David Syrett came to study the British capture of Havana in 1762 as a forgotten campaign of the Seven Years' War.
Through this collection of documents he showed that Havana was arguably the most complex and difficult operation of that war. It involved making an opposed landing with an army of 16,000 men on a defended coast from a fleet that first had to pass through treacherous waters as well as to pass several well-defended enemy island positions to get to its objective, the strongest fortress in the Americas. Havana was the centre of Spanish military power in the Caribbean, the best naval base and harbour in the region, the rendezvous point for the homeward bound flotas carrying silver from the South American mines, the strategic centre for Spain's communications with her American possessions, and a place that was reputedly a rich target for booty for an enemy to seize. Yet, the British operation was not without its failures.

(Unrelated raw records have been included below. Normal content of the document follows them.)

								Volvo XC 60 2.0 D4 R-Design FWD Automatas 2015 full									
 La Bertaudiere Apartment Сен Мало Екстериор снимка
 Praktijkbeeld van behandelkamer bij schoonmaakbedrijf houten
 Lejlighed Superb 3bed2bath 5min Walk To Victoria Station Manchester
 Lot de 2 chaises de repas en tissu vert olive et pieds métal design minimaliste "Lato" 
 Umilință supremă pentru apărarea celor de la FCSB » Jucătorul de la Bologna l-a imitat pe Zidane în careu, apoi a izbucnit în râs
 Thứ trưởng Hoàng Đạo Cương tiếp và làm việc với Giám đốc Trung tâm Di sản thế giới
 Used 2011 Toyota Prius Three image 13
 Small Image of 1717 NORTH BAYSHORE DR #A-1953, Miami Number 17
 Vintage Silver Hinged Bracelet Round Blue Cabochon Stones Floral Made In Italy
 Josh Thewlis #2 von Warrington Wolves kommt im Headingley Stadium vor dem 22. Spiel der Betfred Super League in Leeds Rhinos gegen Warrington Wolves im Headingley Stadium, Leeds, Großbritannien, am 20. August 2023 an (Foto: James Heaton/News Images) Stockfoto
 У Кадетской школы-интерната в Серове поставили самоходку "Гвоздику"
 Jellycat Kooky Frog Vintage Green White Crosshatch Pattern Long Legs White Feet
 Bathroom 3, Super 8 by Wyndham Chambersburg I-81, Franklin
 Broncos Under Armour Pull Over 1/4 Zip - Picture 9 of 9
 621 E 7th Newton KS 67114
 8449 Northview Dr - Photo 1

The protracted campaign that lasted between 7 June and 18 October 1762 saw British forces ravaged by tropical disease. Of the 5,366 men lost in the campaign, 4,708 died from disease, while numerous others were incapacitated and later died from disease
The volume is a compilation of contemporary documents, selected from the Albemarle archives at the East Suffolk Record Office, the Pocock Papers at the Huntington Library, the Douglas and Keppel Papers at the National Maritime Museum, Greenwich, The Royal Archives at Windsor Castle, and The National Archives classes of Admiralty, Colonial Office, War Office papers, as well as the Rodney Papers.
A final document, forming the appendix, was written in 1800 by Lieutenant-General David Dundas, who served during the 1762 siege. It provides valuable insight that documents contemporary memory and professional judgment on the operation. Although British intelligence about the defence of Havana was limited, British forces conducted a successful amphibious siege operation against a strong and well-defended fortress that resulted in a Spanish surrender.
About the Author: Born 8 January 1939 in White Plains, New York was the son of a well-known historian of the early American republic and editor of The Papers of Alexander Hamilton, . He graduated from Columbia University in 1961, completed his MA there in 1964 and moved to the University of London, where he completed his PhD in 1966 with a thesis on "Shipping and the American War of Independence". He became Distinguished Professor of History at Queen's College, City University of New York. His principal areas of interest were eighteenth-century British naval history and the Battle of the Atlantic in World War II. He died in New York on 18 October 2004, and his widow, Elena Frangakis-Syrett, has published some of his work posthumously.